The software introduced a number of noteworthy new features — including a redesigned system volume panel, an option to automatically re-enable a device’s Bluetooth radio a day after it’s been disabled, and a Pixel-specific Adaptive Vibration feature that intelligently adjusts a phone’s vibration intensity based on the environment. It also marked the debut of a system-level Private Space area that lets you keep sensitive apps out of sight and accessible only with authentication.

android 15 private space feature

Once you set up Android 15’s new Private Space feature, certain apps appear in a special protected — and optionally hidden — area of your app drawer.

JR Raphael / IDG

Add in handy touches like a space-saving app archiving option and a predictive back visual that lets you sneak a peek at where you’re headed before you get there, and this small-seeming update shaped up to be a pretty hefty progression.

Android version 16

In a marked change from recent Android upgrade cycles, Google decided to go with two new Android versions per year as of 2025 — starting with Android 16 in the spring and then following that with a smaller release in the fall.

True to that promise, Android 16 catapulted into the world in early June, creating the framework for future-facing systems such as Live Updates — a new type of notification designed to support persistent, ongoing alerts, similar to what Apple does with iOS’s Live Activities — and introducing an Advanced Protection security supermode that provides a simple single-switch way to activate a whole slew of advisable Android security settings in one fell swoop.

Google Android 16 Advanced Protection security

The Android 16 Advanced Security control panel, as seen on a Google Pixel phone.

JR Raphael, Foundry

The update included a sprawling series of other new security strengtheners, too, making protection seem like the true centerpiece of Android 16 — even if other touches, such as a more advanced standard for hearing aid support, helped flesh out the software into a rounded and feature-rich release.

Android version 17

With its relatively low-key arrival in June 2026, Android 17 officially brings the long under-development Bubbles multitasking system to the Android-owning masses — adding an interesting new way to keep any app available on demand in a floating, collapsible window for easy ongoing access.

animated screenshot of pressing bubble to switch between apps

Android 17’s Bubbles offers a whole new way to think about multitasking.

JR Raphael, Foundry

Speaking of bubbliness, Android 17 also includes the creator-aimed option of showing a cutout of your face from a front-facing camera over an active screen recording — because why not, right? — along with such practical touches as a more dynamic and consistent system-wide dark mode and a more nuanced and effective way to track and control app location access.

Android 17 Location Indicator screens with manage access button
Managing app location access is extra easy and powerful in Android 17.

JR Raphael, Foundry

While those features and the inevitable slew of under-the-hood security, performance, and privacy improvements add up to form a compelling final picture, it’s hard not to notice that much of Google’s focus in this era is now on the AI layers surrounding Android as opposed to being on Android itself, as an operating system.
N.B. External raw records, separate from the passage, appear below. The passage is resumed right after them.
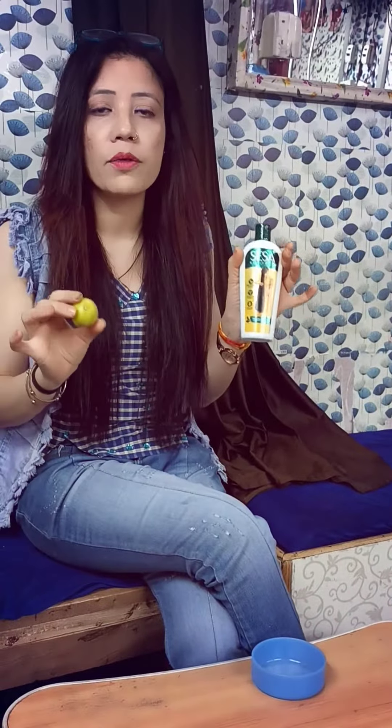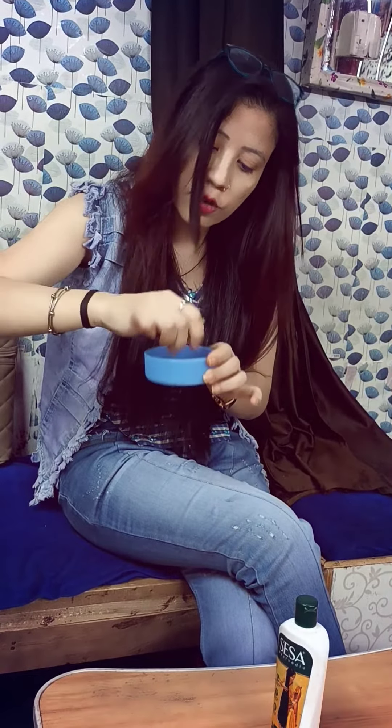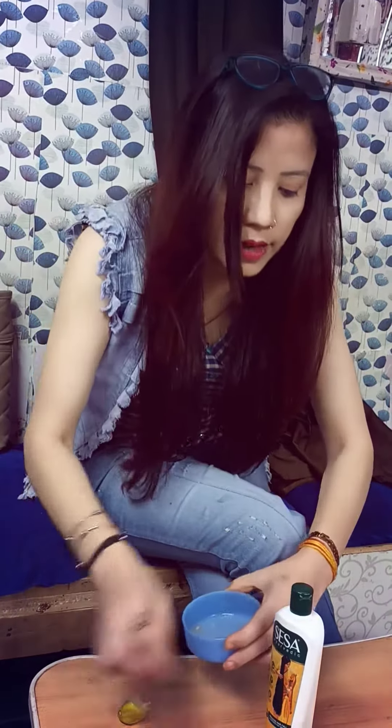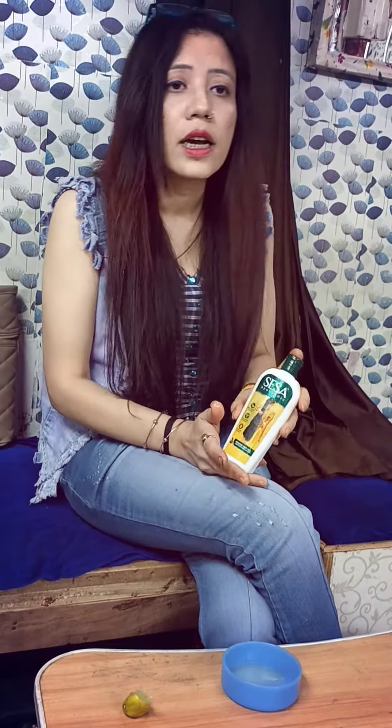Today, I am going to take you through a hair care routine. I use oil for hair growth.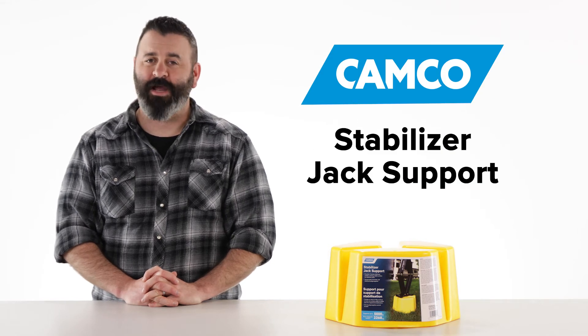Camco Stabilizer Jack Support — if you don't have one, you should get one today. Camco.net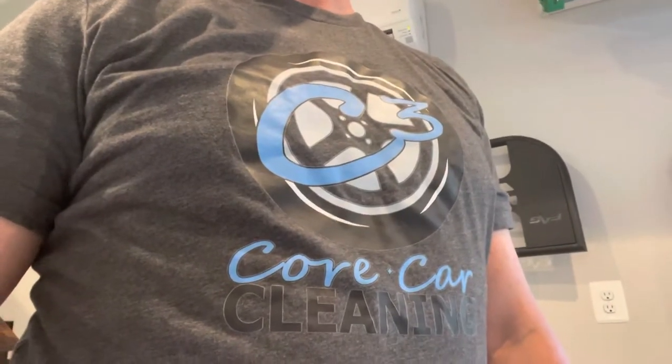Hey, it's Cory with a K here from Cora Car Cleaning, coming to you from my climate-controlled garage. An exciting new tool came in the mail today that I want to check out. So without further ado, let's figure out what's going on and how this thing is going to work.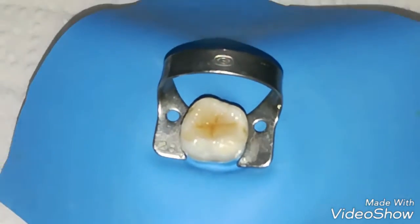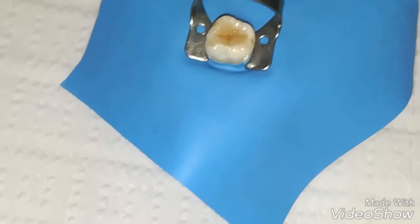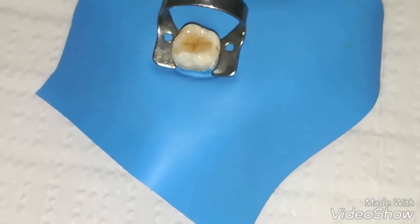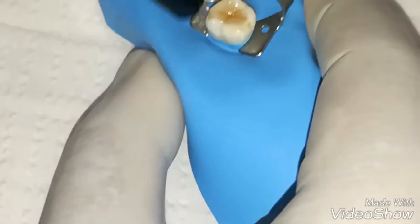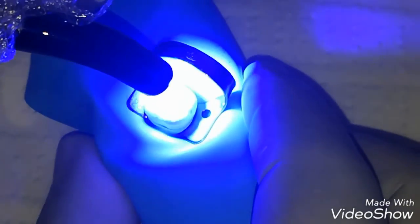Now we are going to light cure it for another 20 seconds or more.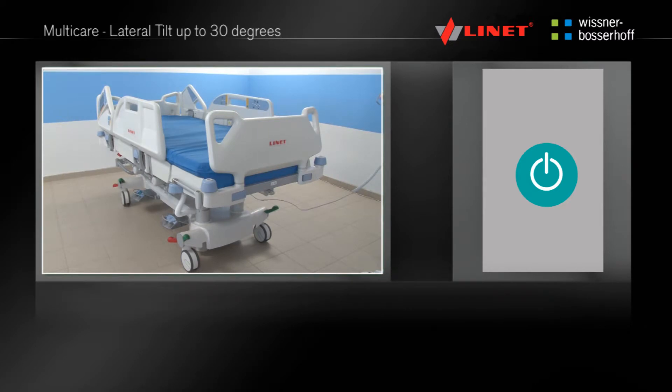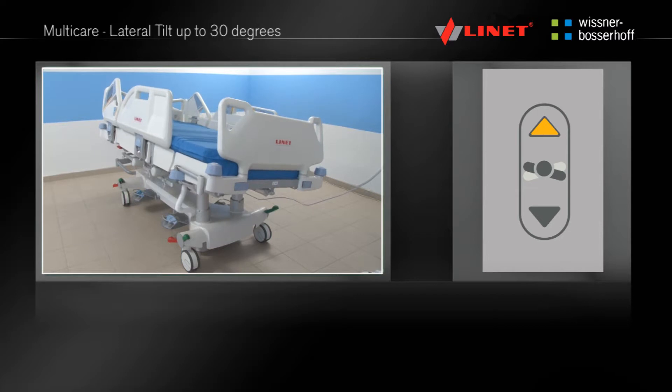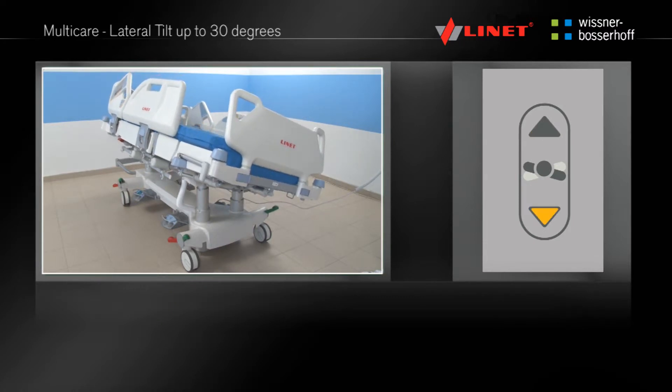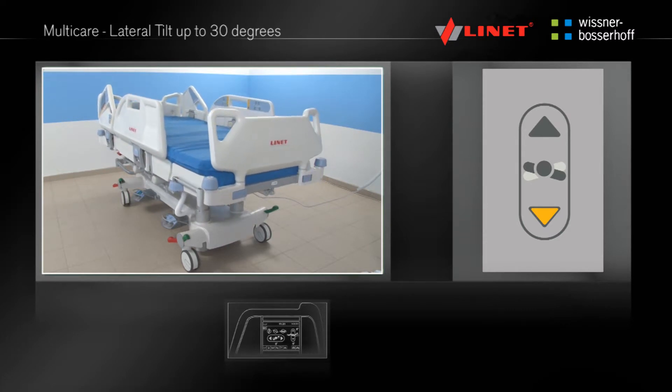Activate the function by pressing the Go button. Press and hold the function button until the desired tilt angle is reached. Lateral tilt can be positioned up to 30 degrees. This function is located on the Multiboard and the Supervisor panel.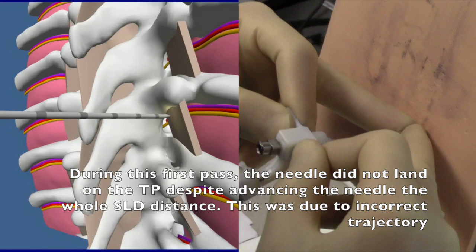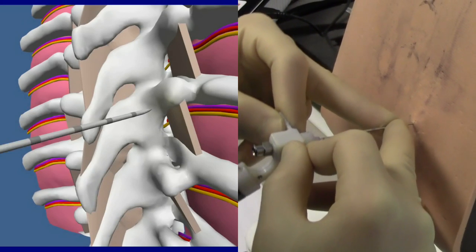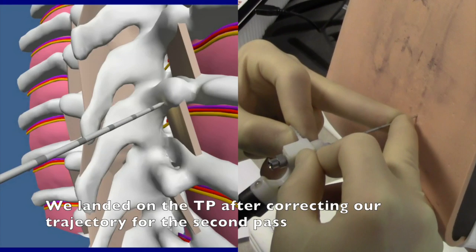During this first pass, the needle did not land on the teepee despite advancing the needle the whole SLD distance. This was due to incorrect trajectory. We landed on the teepee after correcting our trajectory for the second pass.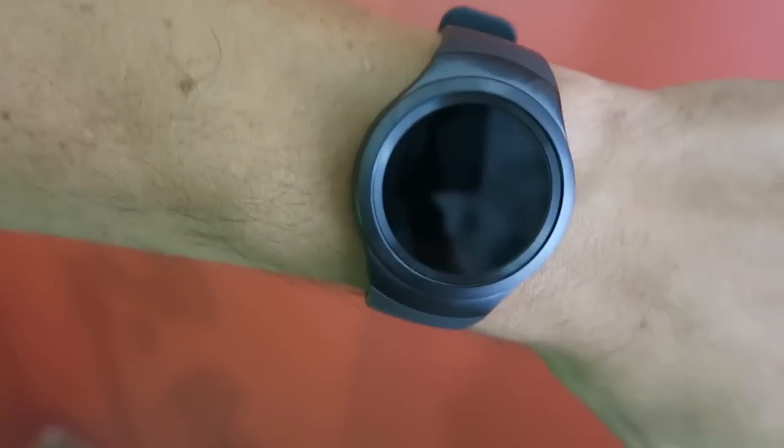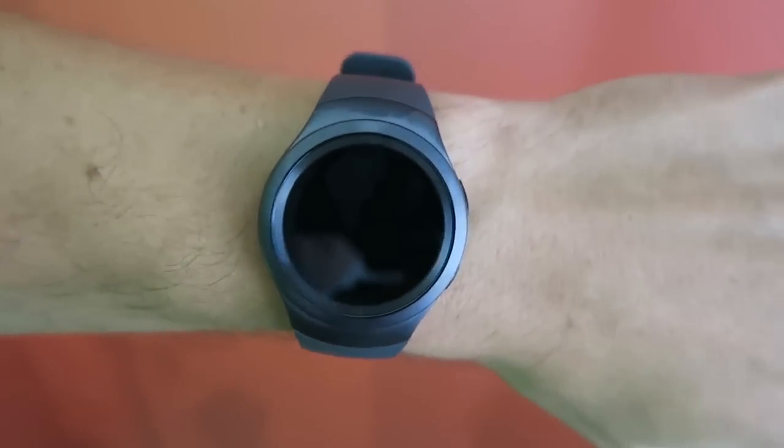Hey guys, what's up? My name is Eric and I'm the Techie Agent, and for the last week I've been reviewing the new Samsung Gear S2 and I found out that it's not actually compatible with every Android phone.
The company’s I/O conference in May showcased many such measures, appropriately noting that Android was transitioning from being “an operating system” into being “an intelligence system” (whatever that means).

Most of those “intelligence system” items remain limited in ability or not yet available as of the time of Android 17’s release — like the new and improved speech-to-text system for Gboard, the custom-widget-creating system for Android phones, and the multistep automation system for allowing AI to complete complex tasks on your behalf (assuming that you (a) trust such a system to act on your behalf and (b) don’t find the level of access and resulting manner of assumptions it makes about your life to be overly creepy).

But even at its foundational level and without any AI-laden Halo effect included, Android 17 manages to hold its own — with Bubbles acting as an anchor and bringing some much-appreciated new productivity potential our way.